──────── Supplied material ────────
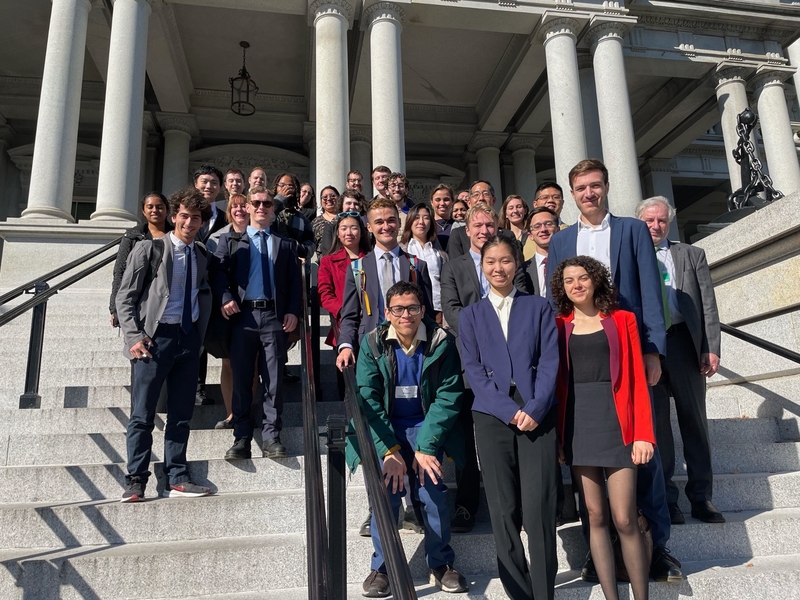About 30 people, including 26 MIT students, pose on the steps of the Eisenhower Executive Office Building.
────────
──────── Supplied material ────────
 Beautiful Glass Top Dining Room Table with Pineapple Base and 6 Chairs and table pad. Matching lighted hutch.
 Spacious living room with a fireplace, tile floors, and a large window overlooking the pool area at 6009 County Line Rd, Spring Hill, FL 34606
────────
> [Exercise directions]:
Copy the lines of the data above exactly as written, beginning with the line containing "Beautiful Glass Top" and ending with the line containing "Spacious living room", and leave out all other lines.

> [Task solution]:
 Beautiful Glass Top Dining Room Table with Pineapple Base and 6 Chairs and table pad. Matching lighted hutch.
 Spacious living room with a fireplace, tile floors, and a large window overlooking the pool area at 6009 County Line Rd, Spring Hill, FL 34606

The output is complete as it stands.